One blond head stood out in the crowd of swarthy swaggerers: a full-length portrait of a young woman hanging by the bay window. Something about the mischief in her pretty face made me sleepwalk over for a closer look, trailing my hands across velvet sofas and threadbare cushions as I went.
She was younger than me—about twenty—but she had a grown-up sophistication about her half-smile and knowing blue eyes. I didn’t recognize the artist, but I could tell he was good: he’d captured the pre-party sparkle of anticipation that glowed around her and the golden softness of her swept-up curls, the luminescence of the pearls in her delicate ears. Going by the nipped waist and floaty off-the-shoulder neckline of her gown, I estimated it must have been painted sometime before the First World War.
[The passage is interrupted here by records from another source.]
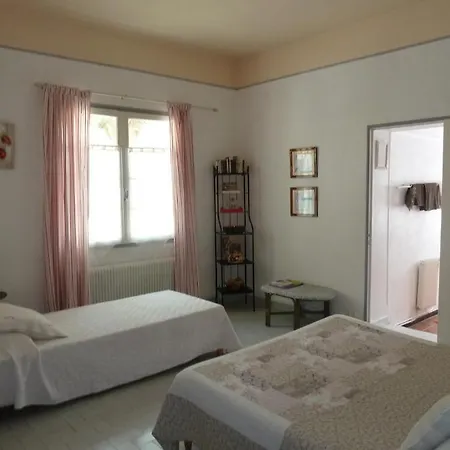 Mas De Valiguiere Hotel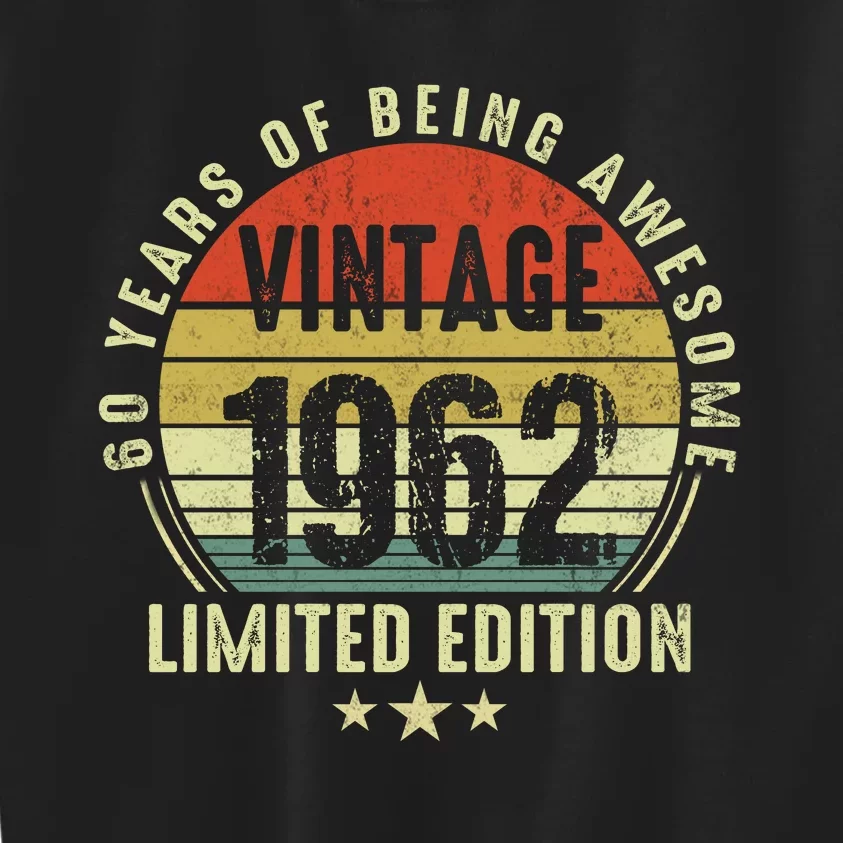 60 Year Old Vintage 1962 Limited Edition 60th Birthday Gift Ideas Kids Sweatshirt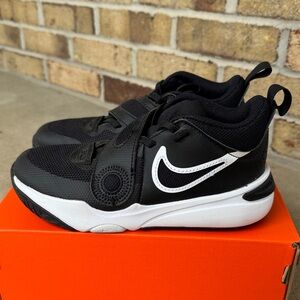 Nike Team Hustle D 11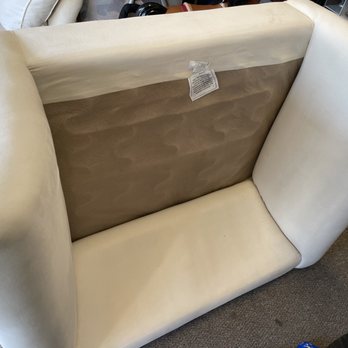 Daily Junk Removal & Dumpster Rentals - Love seat that was hauled away - Junk Removal & Hauling Near Me Daily Junk Removal & Dumpster Rentals - Love seat that was hauled away - Junk Removal & Hauling Near Me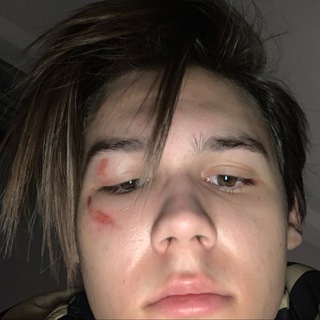 Логотип @sgolubyatnikov - клуб стильных алкоголиков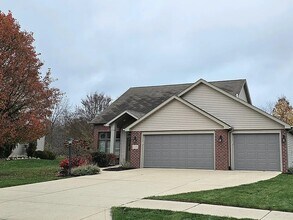 Building Photo - 8401 Backwater Dr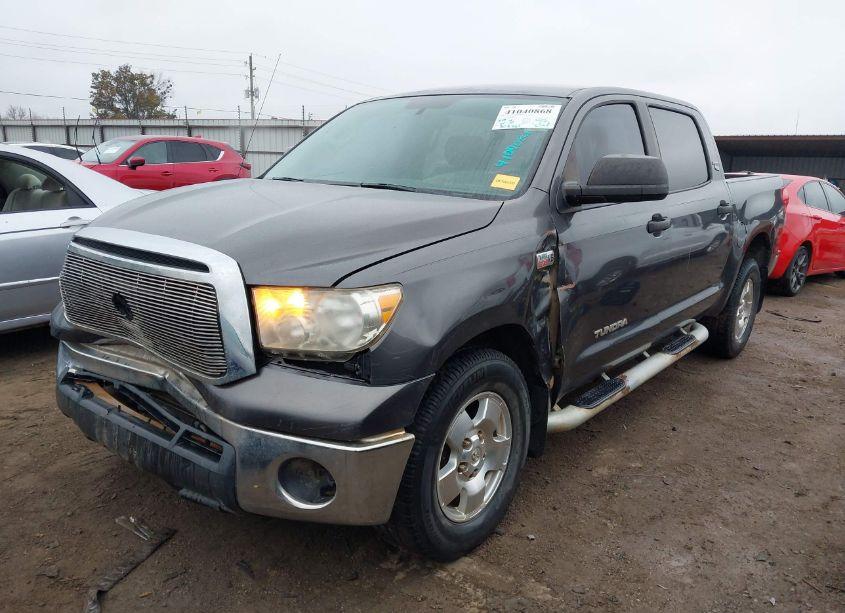 Photo 2 of 2011 Toyota Tundra GRADE 5.7L V8 (VIN 5TFDW5F10BX170429)
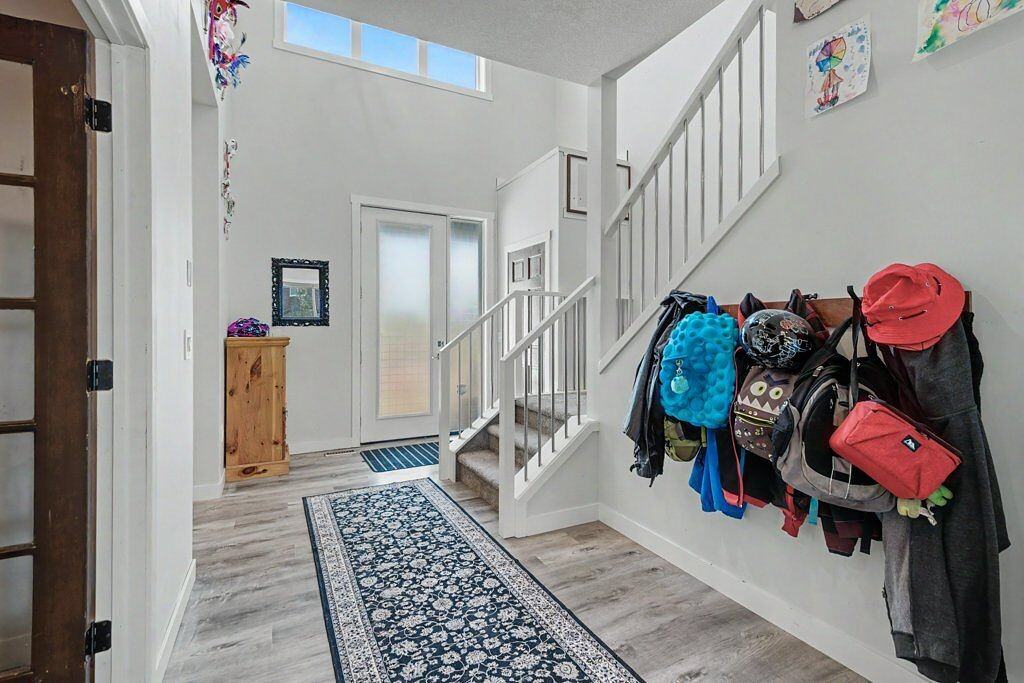 768 Edgefield Cres - Photo 7 of 36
The last hurrah for languid society beauties and their untroubled lives of house parties and never-ending afternoon teas.
Ooh, I thought suddenly. Was this the heiress? Was I gazing into the eyes of the American buccaneer who’d steamed across the Atlantic to save this ancient castle from financial ruin?
“Jolly well done, Evie,” said Duncan, appearing next to me with a side order of cold air still hanging around him. “Who knew Jock Laing’s toy cars were worth more than his real one? Ha!”
“Who’s this?” I asked.
“My great-grandmother Violet. Painted just after she got engaged to Ranald, that chap there.” He indicated a companion portrait on the other side of the fireplace: another dark-eyed McAndrew male, this time in shiny-buttoned regimental uniform, with a thick mustache and rather luscious brown eyes that hinted at a devilish streak beneath the stern exterior.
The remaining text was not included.